LA LEZIONE (LAICA) DI UN PRETE
La notizia della morte di monsignor Antonio Fappani — per tutti don Antonio — avvenuta ieri mattina, s’è sparsa in un baleno fra gli amici. Dolorosa ma non inattesa per chi conosceva le ultime tribolazioni fisiche, sopraggiunte dopo che don Antonio aveva tagliato il traguardo dei 95 anni il 15 agosto scorso. Subito al cordoglio per il distacco s’è unito un fitto intrecciarsi di aneddoti, di ricordi, persino di sorrisi e qualche celia. È la certificazione, spontanea e immediata, di una vita spesa bene, di giornate feconde, della scia luminosa che il transito su questa terra può lasciare. E che don Antonio lascia. Sarà difficile e ci vorrà tempo per fare un bilancio meditato del segno che don Fappani lascia nella storia bresciana. Tanti gli aspetti rilevanti: l’impegno sociale del giovane curato, la pionieristica assistenza spirituale agli scout, e poi il giornalismo vissuto come militanza sociale e religiosa, gli studi vasti (anzi sterminati), l’infaticabile capacità di inventare e creare istituzioni culturali votate a durare anche dopo di lui, sebbene oggi ci si interroghi con un pizzico di sgomento su come ciò possa avvenire. Il tutto senza mai cedere di un centimetro nella fedeltà alla Chiesa, nel suo essere integralmente, intimamente, radicalmente prete. Limitando tuttavia la riflessione all’eredità che don Antonio lascia in ambito culturale, balzano evidenti almeno tre aspetti essenziali, costitutivi e impegnativi del suo operare.
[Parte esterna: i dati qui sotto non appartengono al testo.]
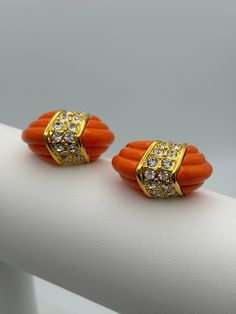 A striking pair of vintage KJL clip on earrings. Excellent vintage condition, with all crystals present and no notable imperfections. Signed KJL. 3.4cm x 1.8cm.  -------------------- 🌟 P&P: 👉 Will arrive gift wrapped in a padded bag. 👉 UK shipping: Royal Mail Tracked 24 👉 International Shipping: Royal Mail International Tracked -------------------- 💎 FOLLOW US:  👉 www.instagram.com/janedreamsofvintage 👉 www.facebook.com/JaneDreamsOfVintage Elegant Orange Clip-on Earrings, Formal Orange Clip-on Earrings, Orange Clip-on Earrings For Formal Occasions, Vintage Orange Clip-on Earrings, Padded Bag, Pad Bag, Vintage Orange, 80s Vintage, Kenneth Jay Lane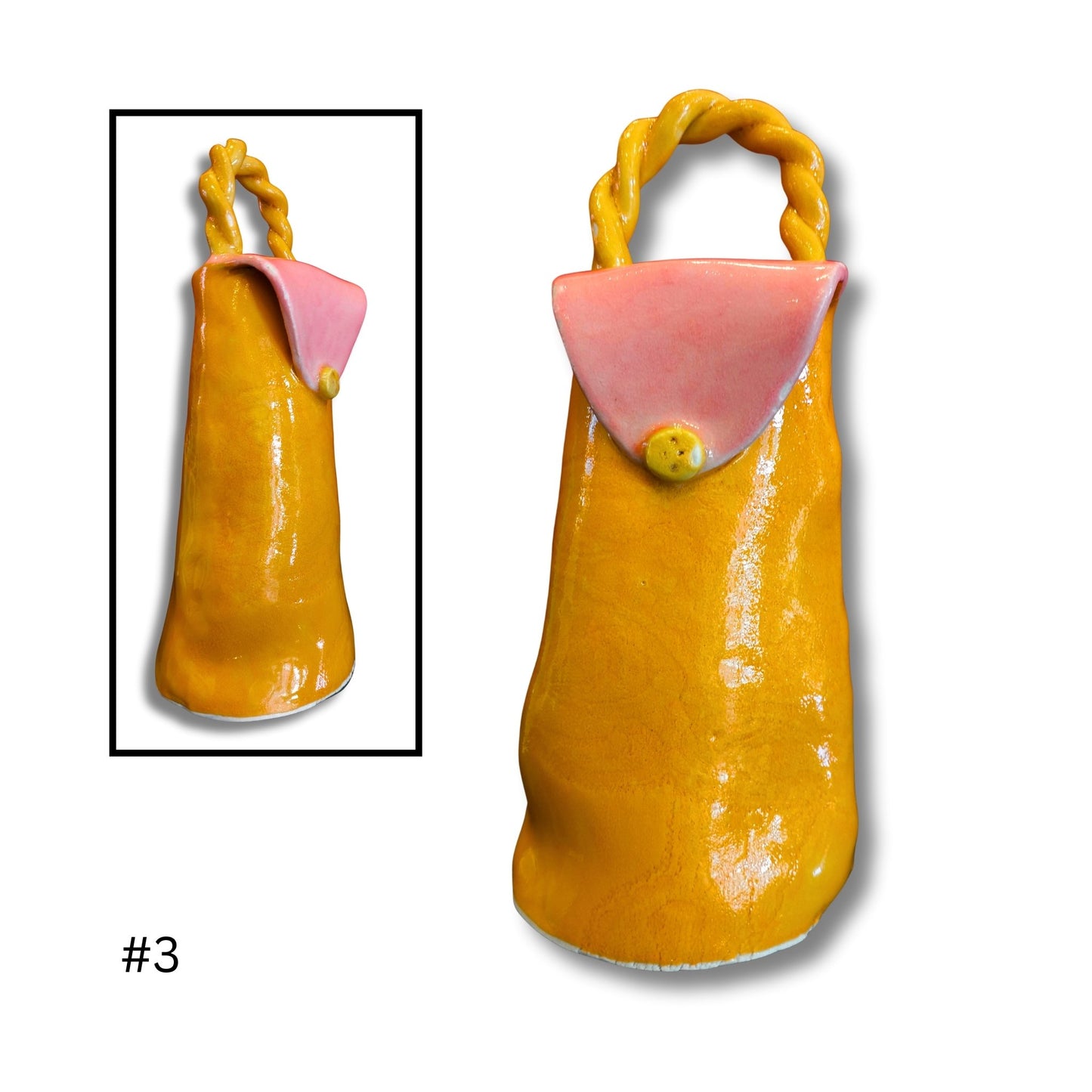 Orange ceramic bag with pink flap and yellow handle on a white background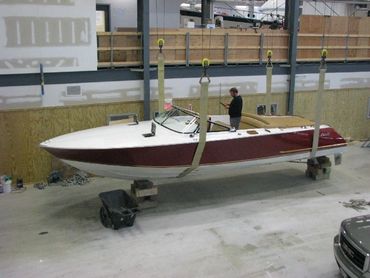 A red boat on a small trailer outside a building.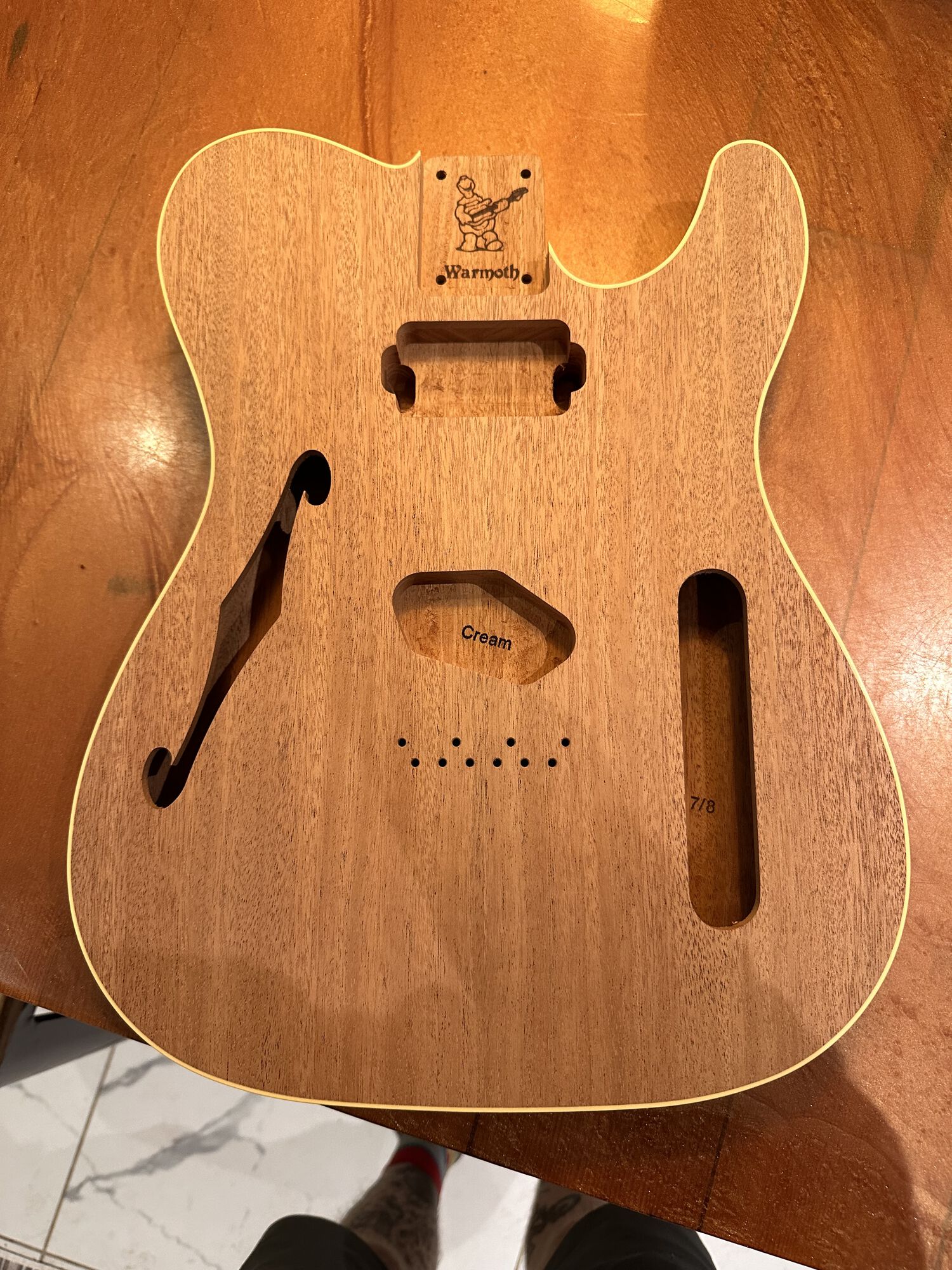 The pick guard covers the humbucker hole so no one would ever know it's there until I use it.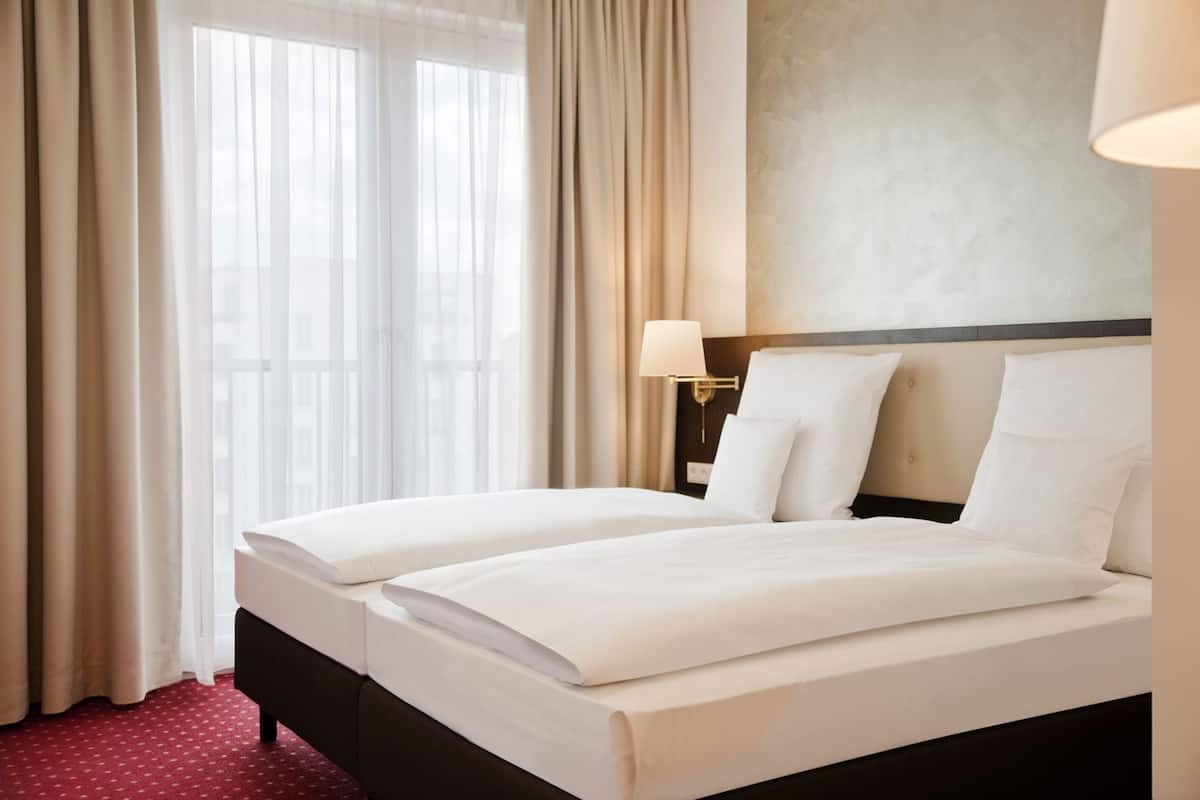 Hotellihuone, jossa on parivuode, yöpöytälamppu, ikkuna verhoilla ja punainen matto.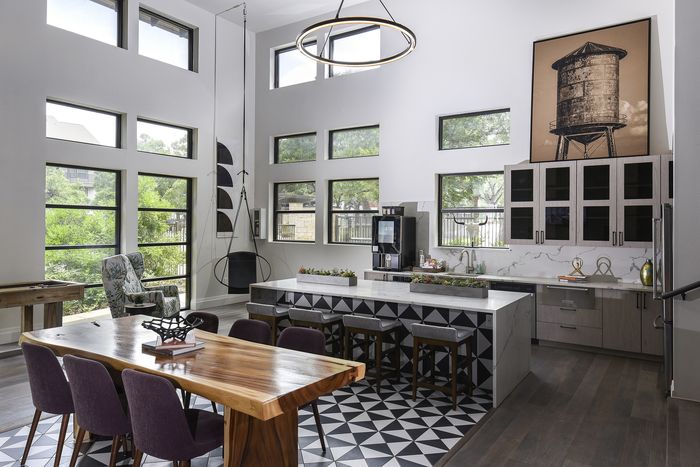 Chic modern kitchen with high ceilings, large windows, and stylish geometric flooring, featuring a spacious island and elegant furnishings.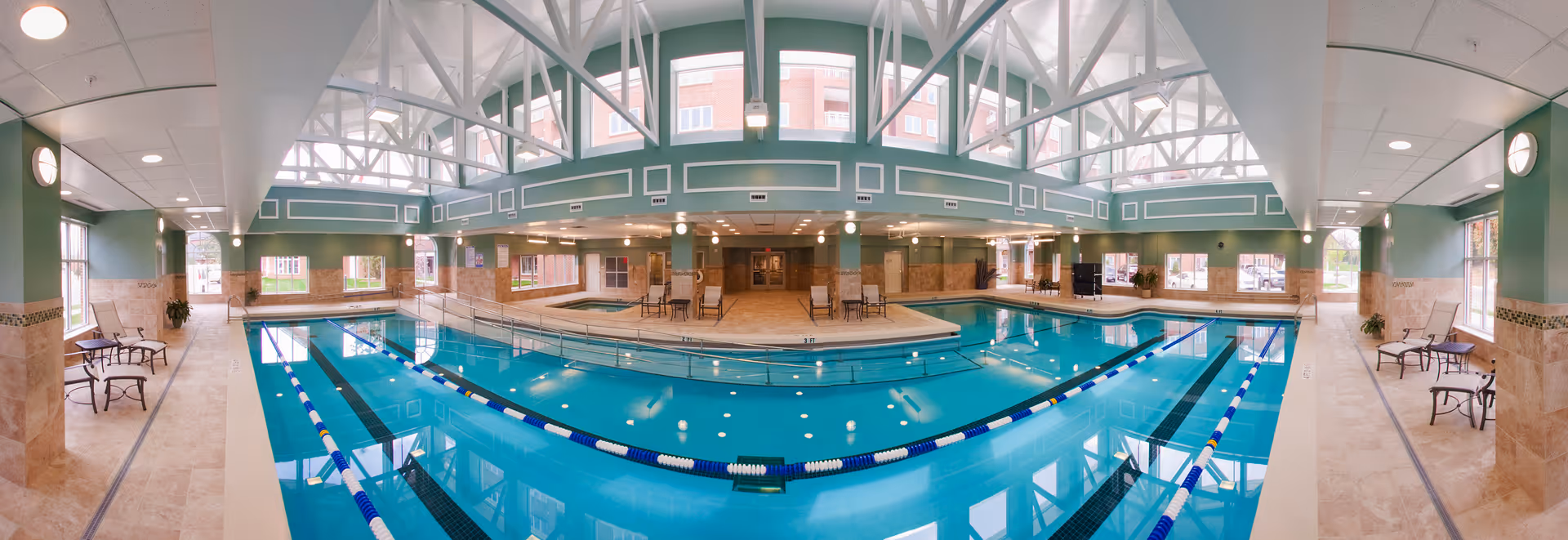 Indoor swimming pool area with clear blue water, lane dividers, and a hot tub in the background. The space features large windows, green walls with decorative trim, beige tiled floors, and several chairs and tables along the sides. The ceiling has white beams and recessed lighting.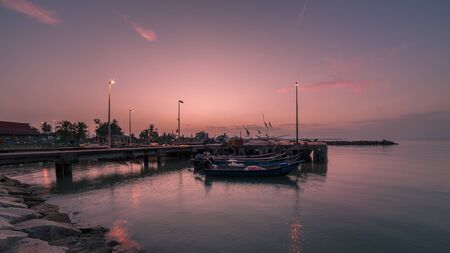 majestic sunrise over fisherman's jetty area in malacca, malaysia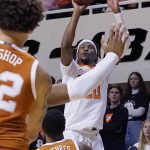 
              Oklahoma State guard Keylan Boone, right, shoots over Texas guard Jase Febres (13) and forward Christian Bishop, left, in the second half of an NCAA college basketball game Saturday, Jan. 8, 2022, in Stillwater, Okla. (AP Photo/Sue Ogrocki)
            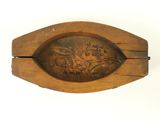 a wooden box with a carved design on it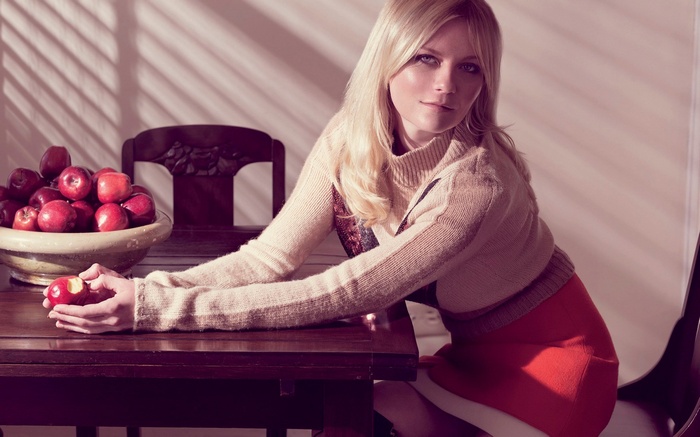 Kirsten Dunst sitting at a table with apples
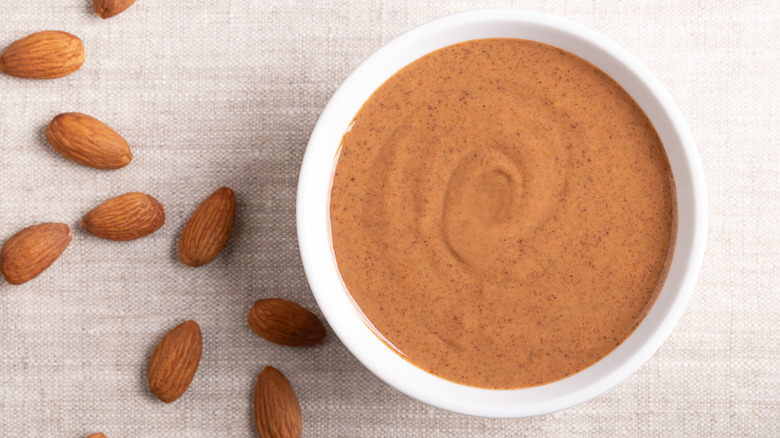 Brown almond butter in a white bowl on linen fabric
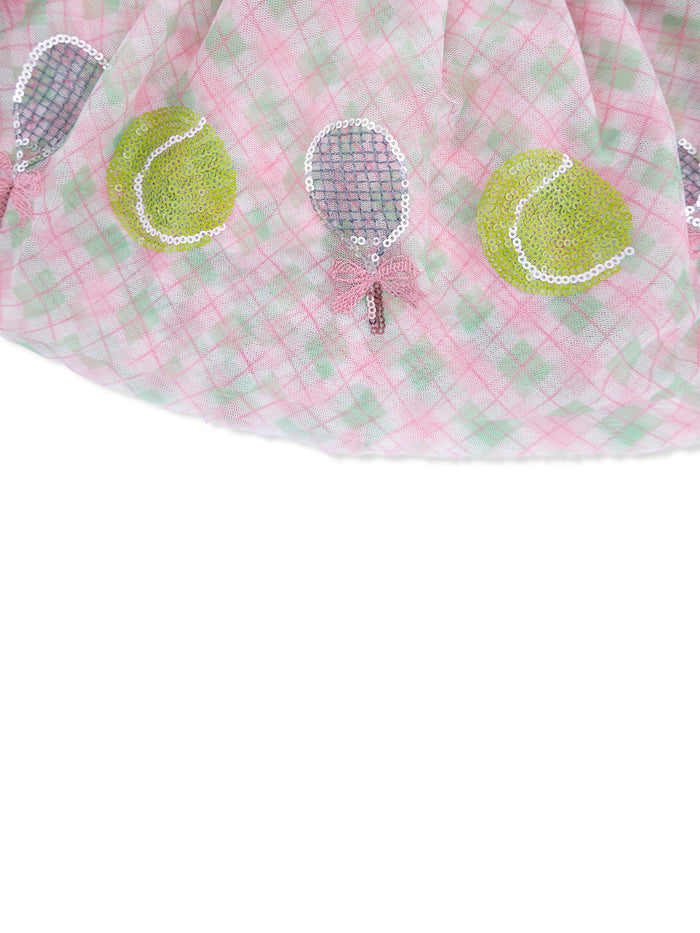 Pink plaid fabric with sequined tennis rackets and balls, creating a playful design.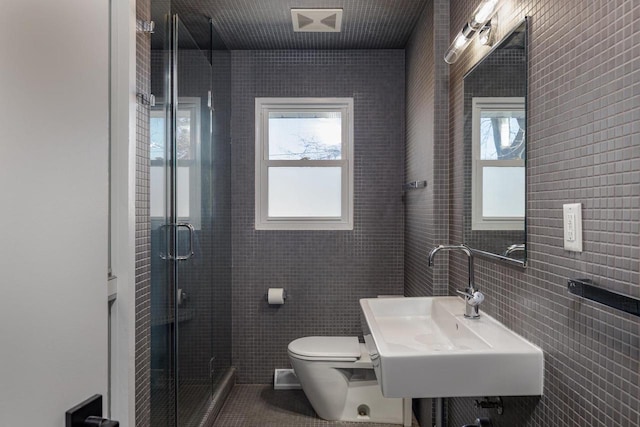 full bathroom featuring a healthy amount of sunlight, tile walls, a sink, and a stall shower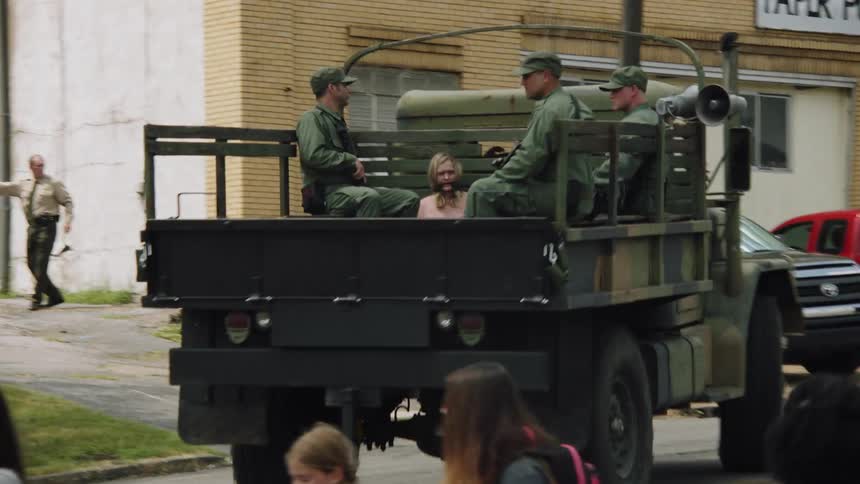 A military truck carrying prisoners is directed down a street during the day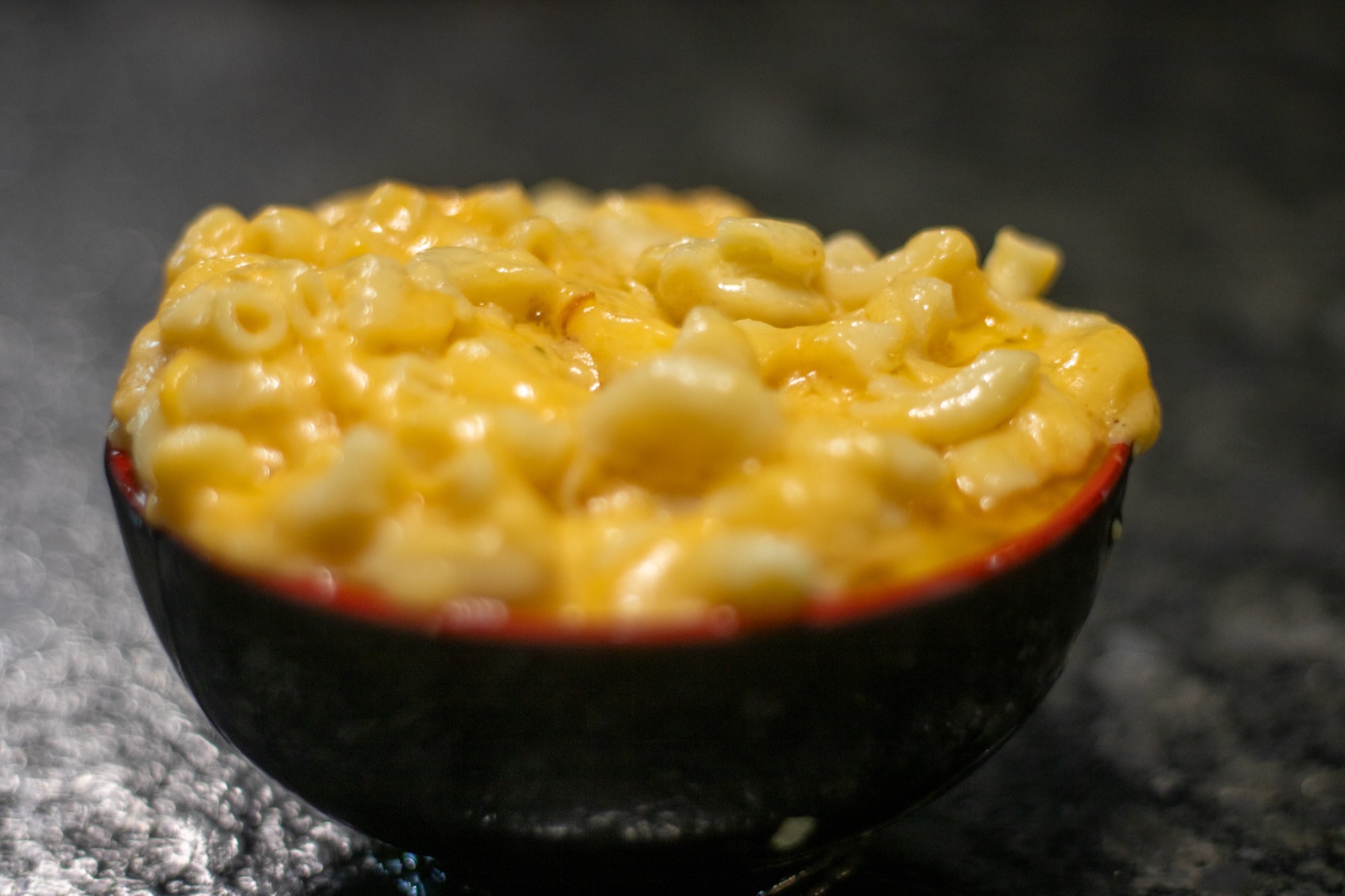 Creamy baked macaroni and cheese in a black serving bowl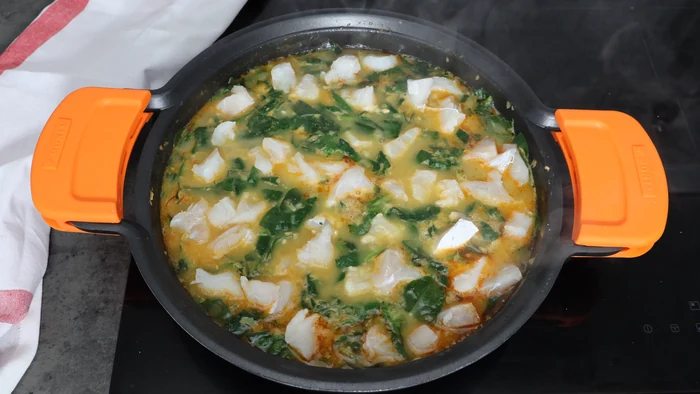 Trozos de bacalao desalado añadidos al potaje de vigilia con garbanzos y espinacas en la cazuela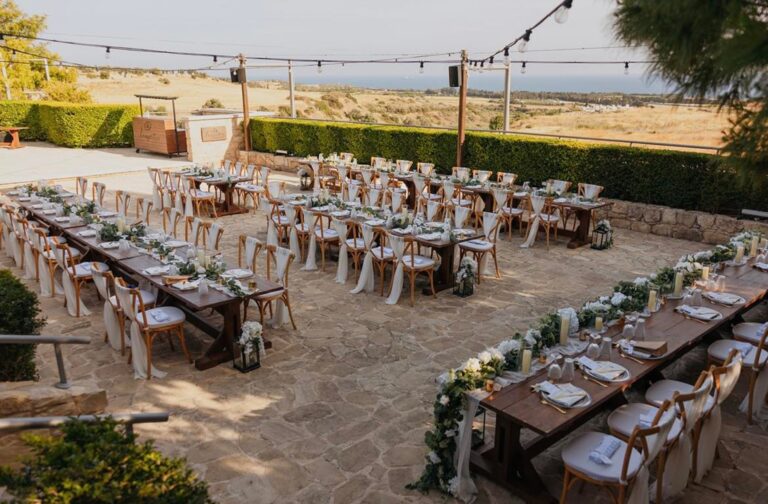Reception tables and festoon lights overlooking the sea at Liopetro, Kouklia, Marry Me Cyprus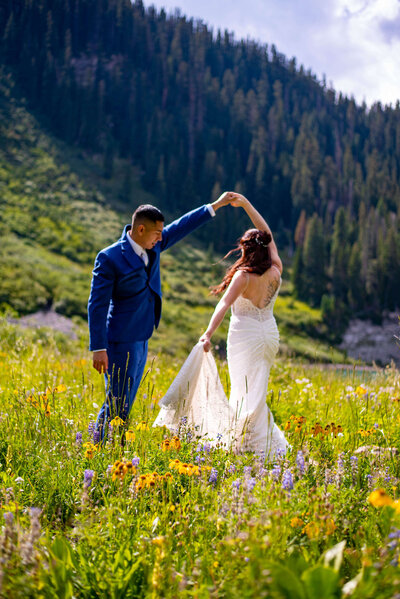 A bride and groom dance in a field of wildflowers during their Colorado elopement.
Il primo punto è il carattere enciclopedico del suo sapere, è la capacità di unire alto e basso, classicità e popolarità, accademia e folklore. Pubblicare l’opera omnia di don Antonio è semplicemente impossibile: il catalogo della rete bibliotecaria bresciana, con un censimento lacunoso, addita 1618 (sì, milleseicentodiciotto) titoli a lui riconducibili. L’Enciclopedia Bresciana, non esente da errori e inciampi, e tuttavia talmente vasta e varia da lasciare ammirati e da risultare imprescindibile punto di partenza per ogni ricerca locale, è l’emblema di questa predisposizione onnivora, non selettiva, monumentale e pop al tempo stesso. Il secondo punto sta proprio nella popolarità del sapere che don Antonio predicava e praticava. Lo studio specialistico, la sintesi storiografica, lo scavo archivistico in lui non erano mai separati da una profonda vocazione alla divulgazione, alla comunicazione del sapere acquisito, meglio se con una prosa sciolta, con formule accattivanti, con strumenti sempre aggiornati. Più moderno di tanti «modernisti», don Antonio ha promosso mostre, convegni, libri, istituzioni, collane editoriali, tesi di laurea, studi specialistici, raccolte di fonti iconografiche, pubblicazioni digitali: una bulimia mossa dalla voglia di condividere, diffondere, far conoscere. Infine il terzo punto di questa eredità, il più impegnativo, ha a che fare con la concezione stessa della cultura che don Antonio ha incarnato e che ha difeso a costo di diventare querulo quando l’ha vista declinare nel sostegno pubblico e privato. Una concezione che, per essere compresa, richiede che venga sciolto un equivoco: don Antonio era un provinciale orgoglioso, ma non ha mai peccato di provincialismo. Un altro grande vecchio della cultura bresciana scomparso da poco, Renzo Baldo, ha scritto che per provincialismo deve intendersi «l’inclinazione alla retorica celebrativa e autocelebrativa, la tendenziale riduzione della cultura a spettacolo o intrattenimento, il sostanziale disinteresse per la diffusione di una cultura criticamente consapevole». In questo senso Fappani è stato immune dal provincialismo e costringe oggi molti a qualche autocritica. Anche di questa lezione grazie caro, carissimo don Antonio.